■ PROBLEM DETAILS ■
Copy the records below in full and leave every image out of the copy.
··· EXTRACTED DATA
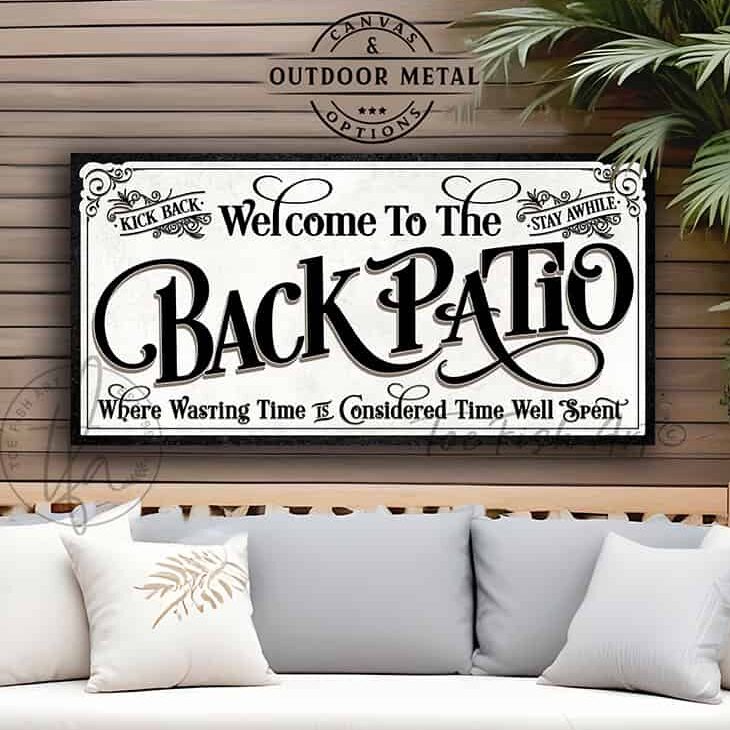 Welcome to the Back Patio personalized wall sign by Toe Fish Art in vintage black and white scroll style, available in framed canvas or waterproof outdoor metal, with custom family name and fun sayings like Kick Back, Stay Awhile, and Where Wasting Time is Considered Time Well Spent—charming backyard or patio decor handmade in the USA. Perfect for enhancing your outdoor summer decor. Built to last with genuine craftsmanship, this authentic sign adds rustic cottage charm and heritage quality to any home.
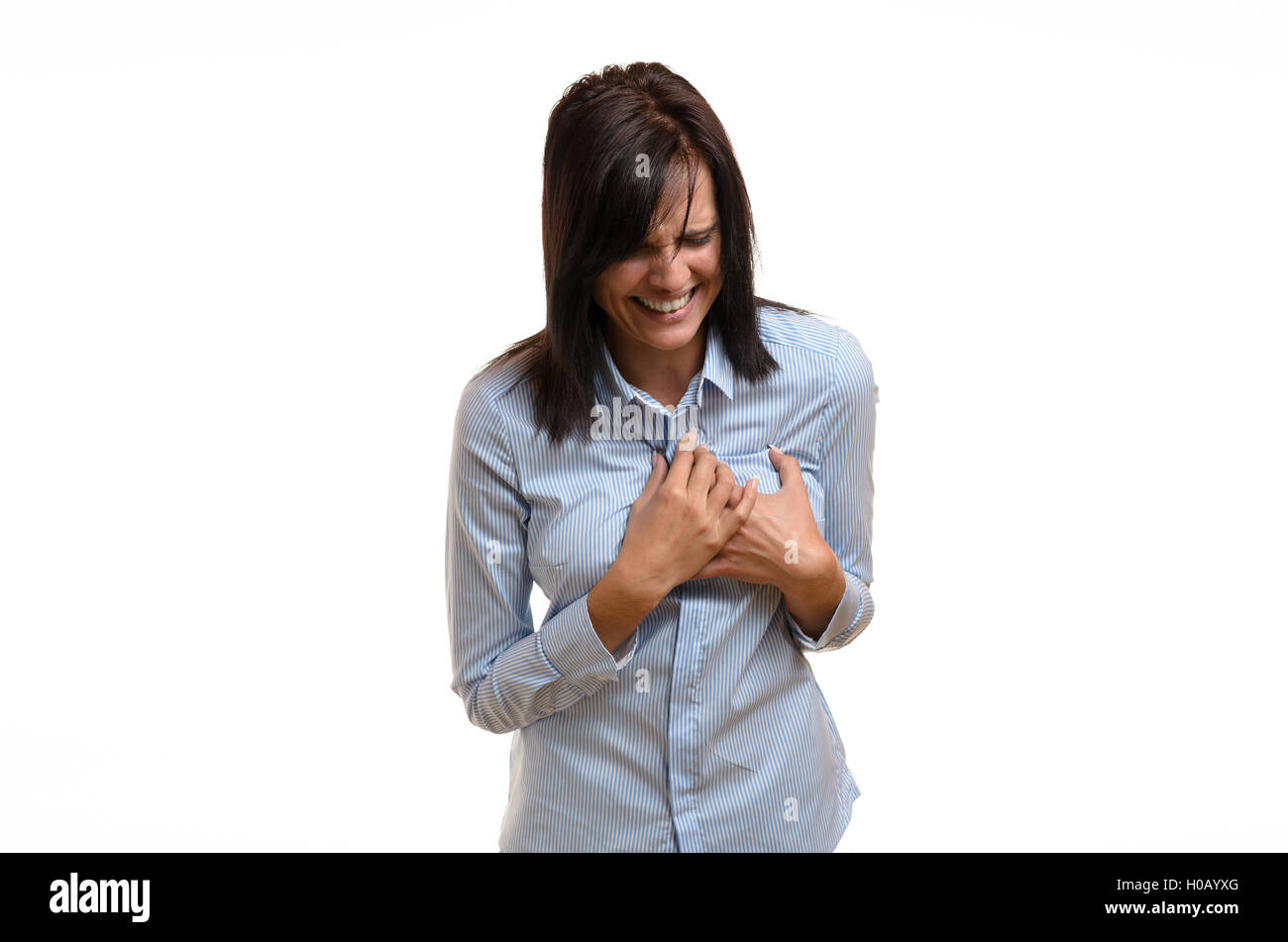 Young woman suffering angina, a myocardial infarct or a heart attack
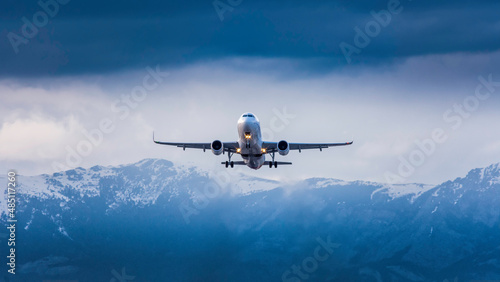 A passenger plane takes off on a cloudy day with snowed mountains in the background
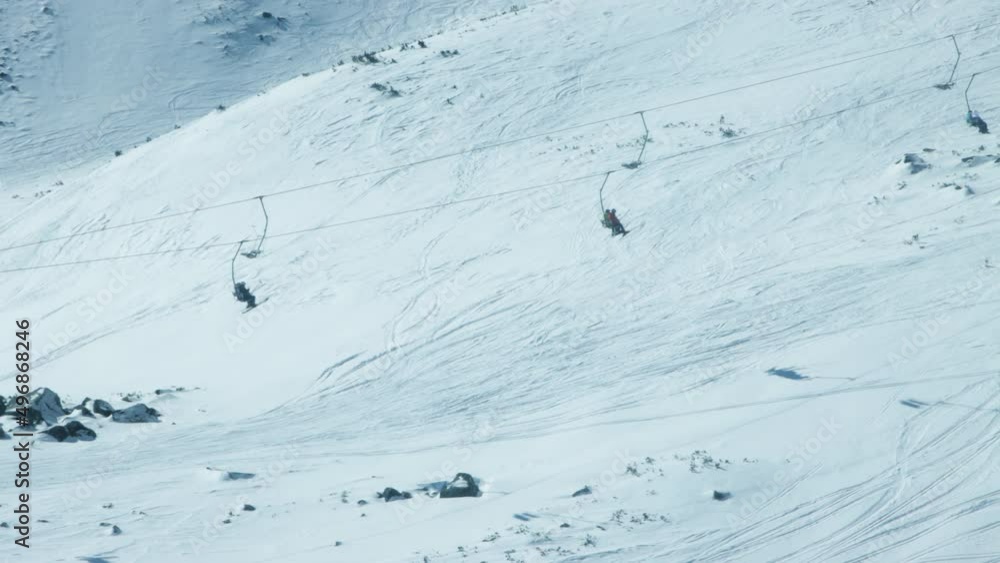 Chairlifts of alpine ski resort transport skiers along snowy slope Chairlifts of alpine ski resort transport skiers along snowy slope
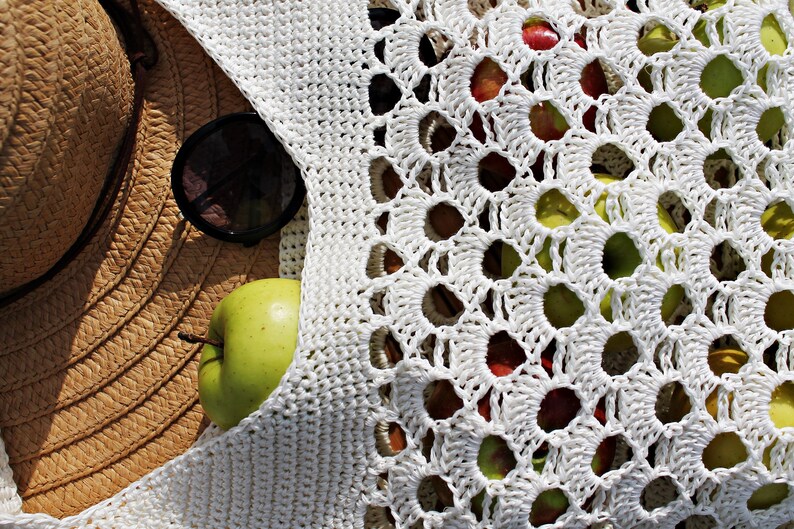May include: A white crocheted bag with large holes, filled with green and red apples. A straw hat and sunglasses are partially visible in the background.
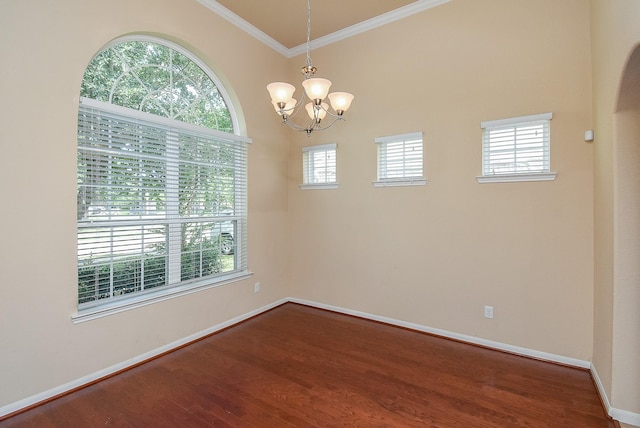 unfurnished room with hardwood / wood-style flooring, a wealth of natural light, crown molding, and a notable chandelier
······
■ SOLVED PROBLEM ■
 Welcome to the Back Patio personalized wall sign by Toe Fish Art in vintage black and white scroll style, available in framed canvas or waterproof outdoor metal, with custom family name and fun sayings like Kick Back, Stay Awhile, and Where Wasting Time is Considered Time Well Spent—charming backyard or patio decor handmade in the USA. Perfect for enhancing your outdoor summer decor. Built to last with genuine craftsmanship, this authentic sign adds rustic cottage charm and heritage quality to any home.
 Young woman suffering angina, a myocardial infarct or a heart attack
 A passenger plane takes off on a cloudy day with snowed mountains in the background
 Chairlifts of alpine ski resort transport skiers along snowy slope Chairlifts of alpine ski resort transport skiers along snowy slope
May include: A white crocheted bag with large holes, filled with green and red apples. A straw hat and sunglasses are partially visible in the background.
 unfurnished room with hardwood / wood-style flooring, a wealth of natural light, crown molding, and a notable chandelier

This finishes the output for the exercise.